To see intuitively why this is the case, we can add some more lines to his diagram: enter image description here

The thick blue curve is the function to be integrated, the upper diagonal line is the top of the trapezoid from the trapezoidal rule, and the bottom diagonal line (which is tangent to the blue curve) is the top of the trapezoid with the same area as the rectangle given by the midpoint rule. The area of the blue shaded region is the error $E_T$ from the trapezoidal rule, and the area of the orange shaded region is (the absolute value of) the error $E_M$ from the midpoint rule. The middle diagonal lines connect the endpoints of the function's curve and its horizontal midpoint.

The entire shaded region is yet another trapezoid (the top and bottom sides are not quite parallel in general, but the side sides are). The vertical line running above the midpoint divides it into two sub-trapezoids. Each sub-trapezoid's diagonal divides it into two triangles that aren't quite congruent (because the parallel sides have slightly different lengths), but are very close to congruent if the function is reasonably close to linear over the interval, so these pairs of triangles have approximately equal areas. If the function's curve matched these diagonals, then the two rules would give (almost) equal and opposite errors, but we see from the fact that the curve is always to one side of these diagonals that the blue region has larger area ($E_T$) than the orange region ($E_M$).

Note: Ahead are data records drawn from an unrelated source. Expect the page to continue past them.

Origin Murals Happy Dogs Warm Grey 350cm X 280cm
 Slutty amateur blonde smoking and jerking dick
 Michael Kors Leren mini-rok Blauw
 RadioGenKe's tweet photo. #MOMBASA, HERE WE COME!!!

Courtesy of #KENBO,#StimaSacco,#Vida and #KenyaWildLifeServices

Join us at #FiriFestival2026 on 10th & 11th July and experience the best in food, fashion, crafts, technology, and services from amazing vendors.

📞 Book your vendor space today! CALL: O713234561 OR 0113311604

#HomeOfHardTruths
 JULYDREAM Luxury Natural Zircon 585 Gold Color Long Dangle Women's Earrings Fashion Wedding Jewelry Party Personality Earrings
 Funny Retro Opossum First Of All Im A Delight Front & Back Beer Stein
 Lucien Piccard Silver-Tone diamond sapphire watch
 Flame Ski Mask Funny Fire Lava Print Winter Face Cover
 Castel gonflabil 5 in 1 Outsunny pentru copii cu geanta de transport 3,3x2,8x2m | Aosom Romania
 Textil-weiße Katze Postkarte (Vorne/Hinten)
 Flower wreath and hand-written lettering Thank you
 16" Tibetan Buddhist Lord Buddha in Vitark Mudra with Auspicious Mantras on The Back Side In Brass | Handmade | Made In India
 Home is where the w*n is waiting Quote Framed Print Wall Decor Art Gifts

We can roughly motivate the factor of 2 difference by noting that if you subtract off the lower large diagonal line (which makes the top line approximately horizontal as well, at this order), then the curve is more or less a parabola whose vertex is the midpoint - and it's a standard fact that over an interval that's symmetric about and tangent to any parabola's vertex, the area on the parabola's concave side is twice the area on its convex side.

This (heuristic) last step assumed that the function is close to parabolic, but it remains true if we consider an arbitrary cubic polynomial as well, because you can treat it as the sum of a quadratic term (to which the previous argument will apply) and a cubic term that vanishes at the endpoints and the midpoint. This cubic piece must be odd about the midpoint, so its integral will vanish and we can reuse the reasoning above from the simpler quadratic case.